> _Required action_
In the data below, locate the line containing "Vtg Signed Metal" and the line containing "Funny Liver Cancer", then retype both and everything between them exactly. Pictures are not part of the copy.

> _Records supplied_
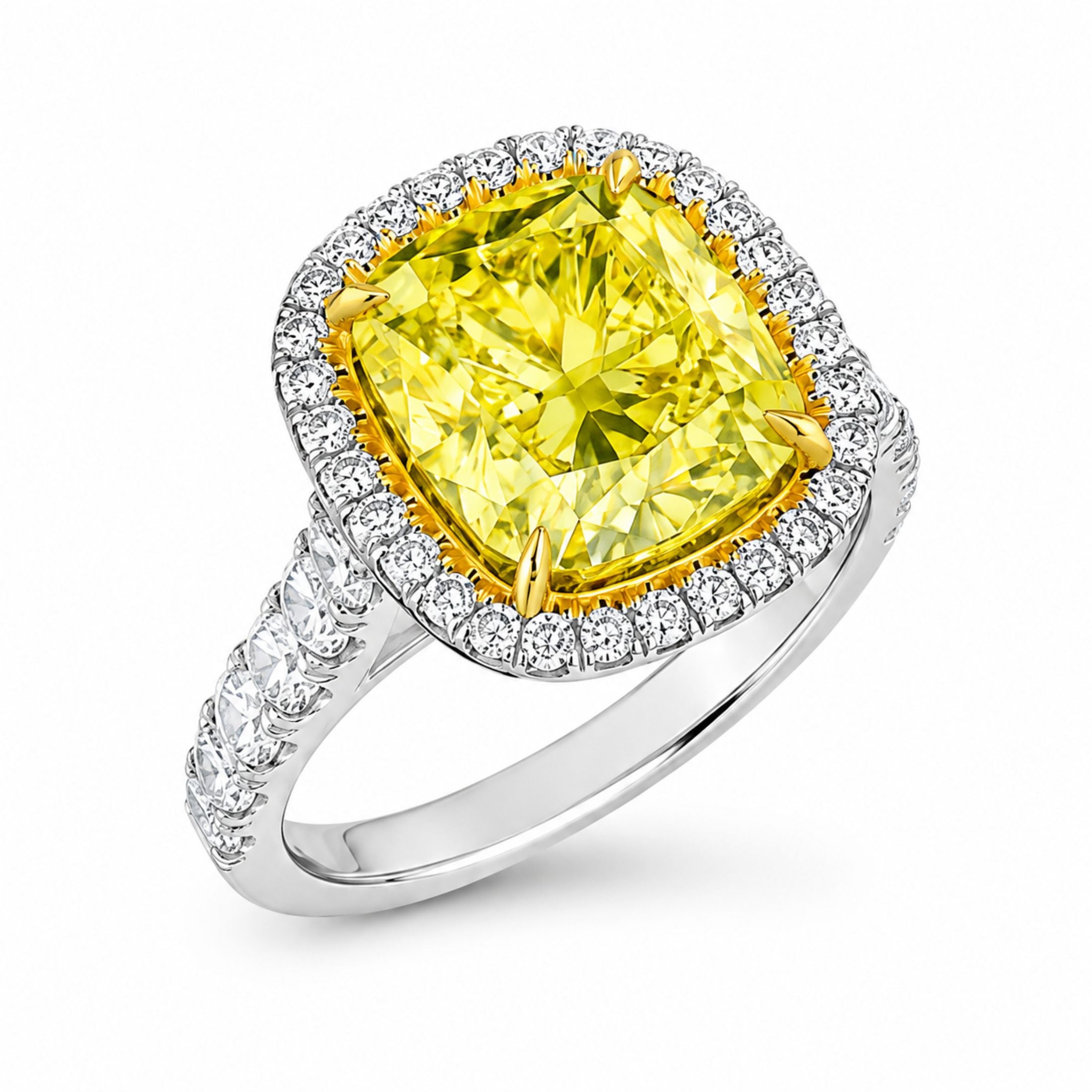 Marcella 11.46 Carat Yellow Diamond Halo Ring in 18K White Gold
==
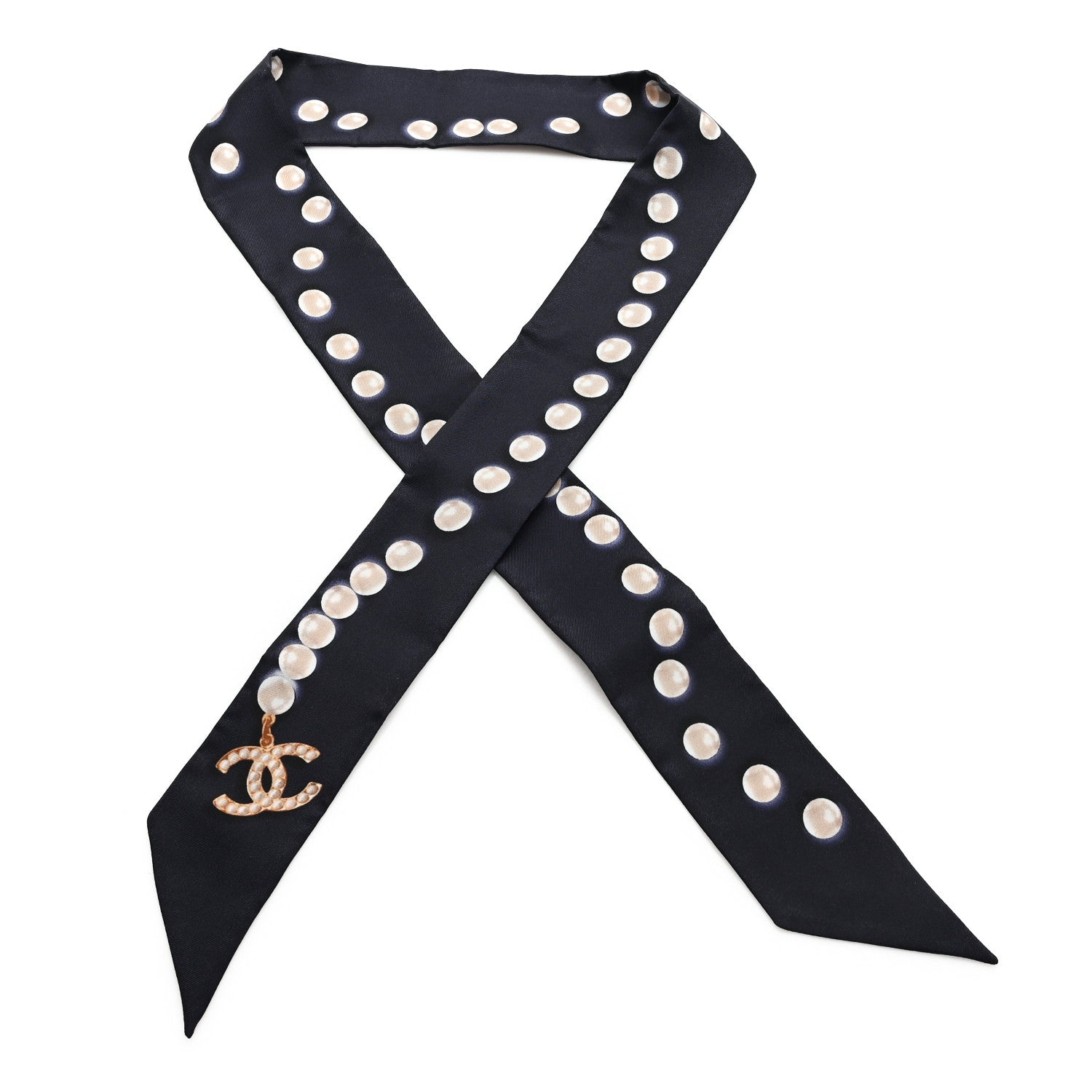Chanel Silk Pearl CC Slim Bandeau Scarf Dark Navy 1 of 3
---
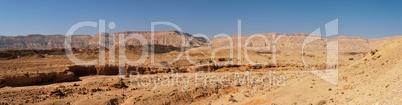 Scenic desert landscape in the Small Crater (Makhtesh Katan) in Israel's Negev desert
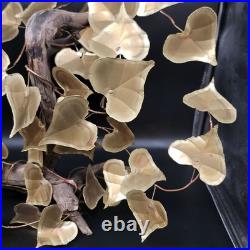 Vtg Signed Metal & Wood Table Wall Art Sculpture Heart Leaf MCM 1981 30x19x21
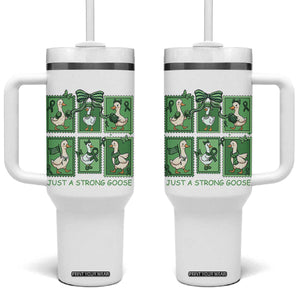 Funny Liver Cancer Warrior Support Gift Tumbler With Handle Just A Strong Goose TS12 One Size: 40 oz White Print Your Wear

> _Response to the exercise_
 Vtg Signed Metal & Wood Table Wall Art Sculpture Heart Leaf MCM 1981 30x19x21
 Funny Liver Cancer Warrior Support Gift Tumbler With Handle Just A Strong Goose TS12 One Size: 40 oz White Print Your Wear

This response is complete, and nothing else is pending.